From “Maps or Meaning”, by Jordan Peterson, Ph.d.
The primordial theriomorphic serpent-god is endless potential; is whatever comprises being prior to the emergence of the capacity for experience. This potential has been represented as the self-devouring dragon (most commonly) because this image aptly symbolizes the union of incommensurate opposites.
The uroboros is simultaneously representative of two antithetical primordial elements. As a snake, the uroboros is a creature of the ground, of matter; as a bird (a winged animal), it is a creature of the air, of the sky, of spirit. The uroboros symbolizes the union of known (associated with spirit) and unknown (associated with matter), explored and unexplored; symbolizes the juxtaposition of the “masculine” principles of security, tyranny and order with the “feminine” principles of darkness, dissolution, creativity and chaos.
Furthermore, as a snake, the uroboros has the capacity to shed its skin – to be “reborn.” Thus, it also represents the possibility of transformation, and stands for the knower, who can transform chaos into order, and order into chaos. The uroboros stands for, or constitutes, everything that is as of yet unencountered, prior to its differentiation as a consequence of active exploration and classification. It is the source of all the information that makes up the determinate world of experience – and is, simultaneously, the birth-place of the experiencing subject.

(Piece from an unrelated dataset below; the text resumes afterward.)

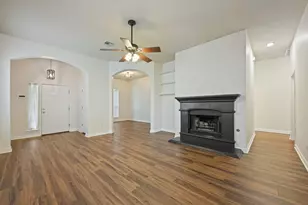 10013 Isle Royale Way, Austin, TX 78747 - Photo 7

The uroboros is one thing, as everything that has not yet been explored is one thing; it exists everywhere, and at all times. It is completely self-contained, completely self-referential: it feeds, fertilizes and engulfs itself. It unites the beginning and the end, being and becoming, in the endless circle of its existence. It serves as symbol for the ground of reality itself. It is the “set of all things that are not yet things” – the primal origin and ultimate point of return for every discriminable object, and every independent subject. It serves as progenitor of all we know, all that we don’t know, and of the spirit that constitutes our capacity to know – and not know. It is the mystery that constantly emerges when solutions to old problems cause new problems; is the sea of chaos surrounding man’s island of knowledge – and the source of that knowledge, as well. It is all new experience generated by time, which incessantly works to transform the temporarily predictable once again into the unknown. It has served mankind as the most ubiquitous and potent of primordial gods:
“This is the ancient Egyptian symbol of which it is said, “Draco interfecit se ipsum, maritat se ipsum, impraegnat se ipsum.” It slays, weds, and impregnates itself. It is man and woman, begetting and conceiving, devouring and giving birth, active and passive, above and below, at once.

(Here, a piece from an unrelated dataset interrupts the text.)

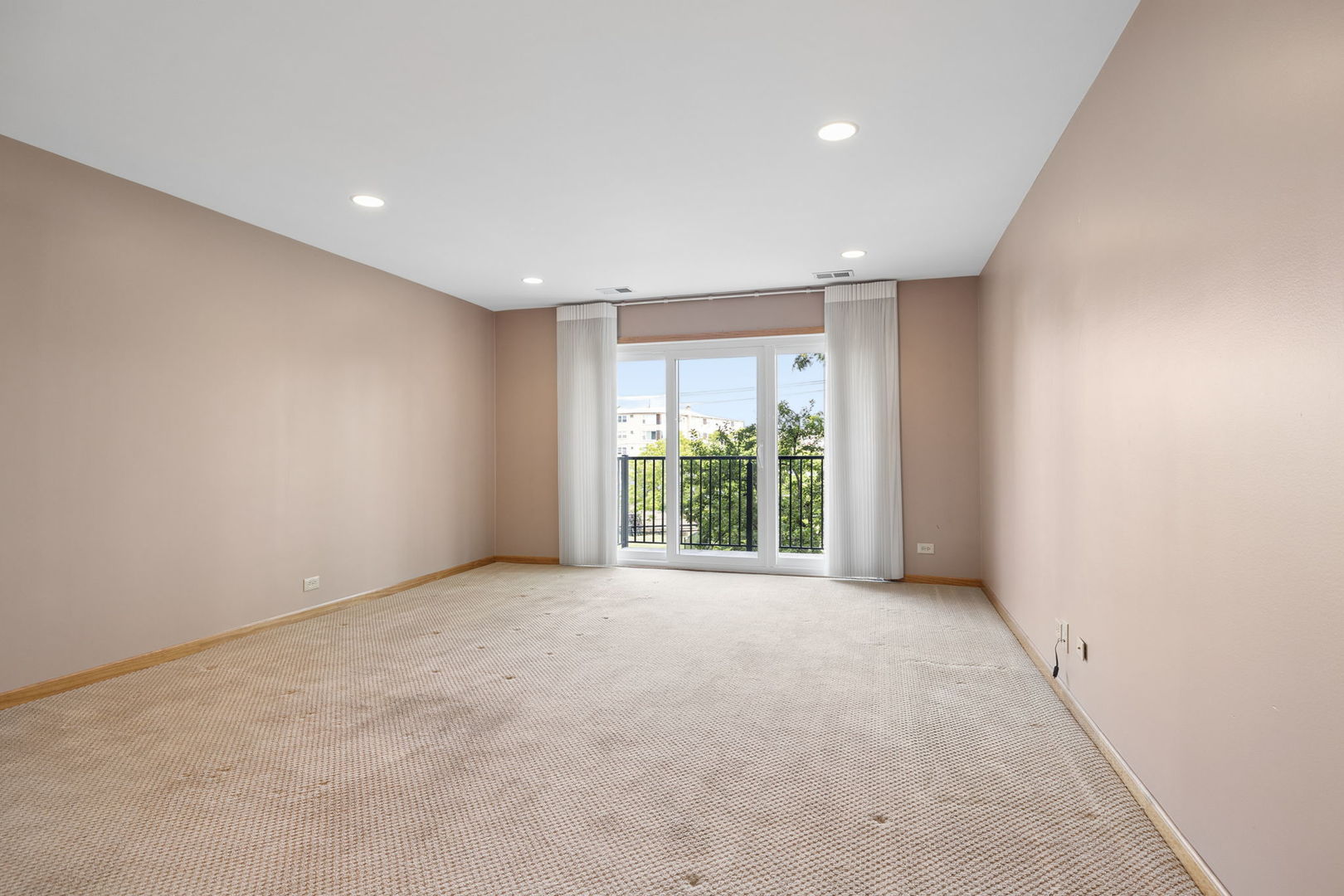 907 Curtiss Street 304 Property Photo 4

As the Heavenly Serpent, the uroboros was known in ancient Babylon; in later times, in the same area, it was often depicted by the Mandaeans; its origin is ascribed by Macrobius to the Phoenicians. It is the archetype of the [greek phrase], the All One, appearing as Leviathan and as Aion, as Oceanus, and also as the Primal Being that says “I am Alpha and Omega.” As the Kneph of antiquity it is the Primal Snake, the “most ancient deity of the prehistoric world.” The uroboros can be traced in the Revelation of St. John and among the Gnostics as well as among the Roman syncretists; there are pictures of it in the sand paintings of the Navajo Indians and in Giotto; it is found in Egypt, Africa, Mexico, and India, among the gypsies as an amulet, and in the alchemical texts.”